Home contents insurance covers the cost of replacing your belongings in your home if they are damaged, destroyed, or stolen. Generally, your ‘contents’ are the items that you would take with if you moved home, for example:
- Furniture: beds, sofas, wardrobes, dining tables and chairs
- Entertainment: toys, books, musical instruments, DVDs, and CDs
- Electricals: TVs, laptops, and game consoles
- Clothes and jewellery.
For further information on what contents insurance is, head over to our What Is Contents Insurance article. In this blog, we’re concerned with the legal aspects of contents insurance, and answer the burning question: Is contents insurance mandatory?
Is contents insurance mandatory?
When applying for a mortgage, lenders will typically insist that you have the appropriate level of home insurance. In such contexts, however, it’s crucial to note that home insurance usually means buildings insurance, which is a policy that covers the structure of your home, not the contents within.
Mortgage lenders make buildings insurance mandatory to protect their investment, and in some cases, they’ll specify insurers you can use from their own list. Contents insurance, on the other hand, is a different kind of policy that focuses on the possessions kept inside. However, contents insurance is not mandatory and isn’t required by mortgage lenders, but this doesn’t mean that it’s not worth having.
What is the difference between buildings insurance and contents insurance?
When selecting your policy, it’s essential to distinguish the critical differences between buildings and contents cover. The following section fully explains these differences.
Buildings insurance covers the cost of repairing the structure if it is ever damaged or destroyed in a fire, flood, or any other disaster. This insurance is based on your home’s value and how much it would cost to rebuild entirely, including demolition costs, site clearance, and architects’ fees. Additional costs such as replacing sheds, garages, pipes, and cables will also be included.
When considering buildings insurance, it’s vital that you take out the appropriate level of cover, as underestimating the cost to rebuild your home could lead to severe consequences should the worst happen. This calculator provided by the Building Cost Information Service will help you accurately calculate the level of cover you need.
Contents insurance provides cover for all your possessions, from your living room TV to your garden shed tools. While manually itemising your belongings to value your contents can be labour-intensive, several online calculators can help you do this.
If you suffer a loss, your contents insurance will cover the cost of a replacement. Insurers either use a new-for-old system or an indemnity policy. The former pays the going rate for a brand-new replacement, while the latter takes wear and tear into account, so you’ll ultimately receive less.
What happens if you don’t have contents insurance?

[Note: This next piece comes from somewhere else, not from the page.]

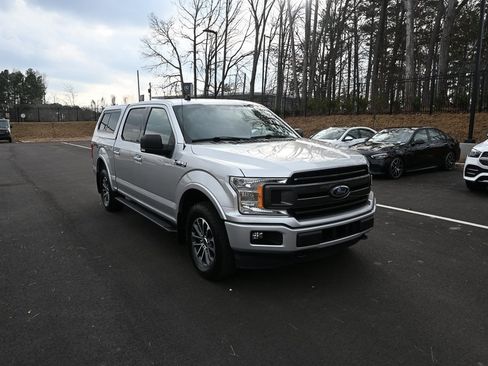 Used 2019 Ford F150 XLT w/ Equipment Group 302A Luxury image 23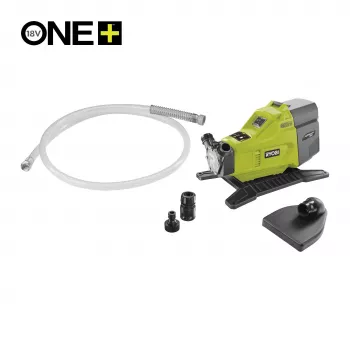 Ryobi One+ R18TP-0 akumuliatorinis panardinamasis nešvaraus vandens siurblys (be akumuliatoriaus)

While contents insurance ultimately means paying another bill, the crucial question is – could you afford to replace all your possessions if the worst were to happen? When deciding whether or not contents insurance is right for you, consider the possible worst-case scenarios:
- Your house is burgled while you’re on holiday
- Your possessions are destroyed in a domestic fire
- You live in an area where there’s a high risk of flooding.
While these are extreme examples, such scenarios occur more frequently than you might think. According to the Association of British Insurers (2018), the average home contains contents worth at least £35,000, so it’s well worth getting a quote to safeguard your items and provide peace of mind.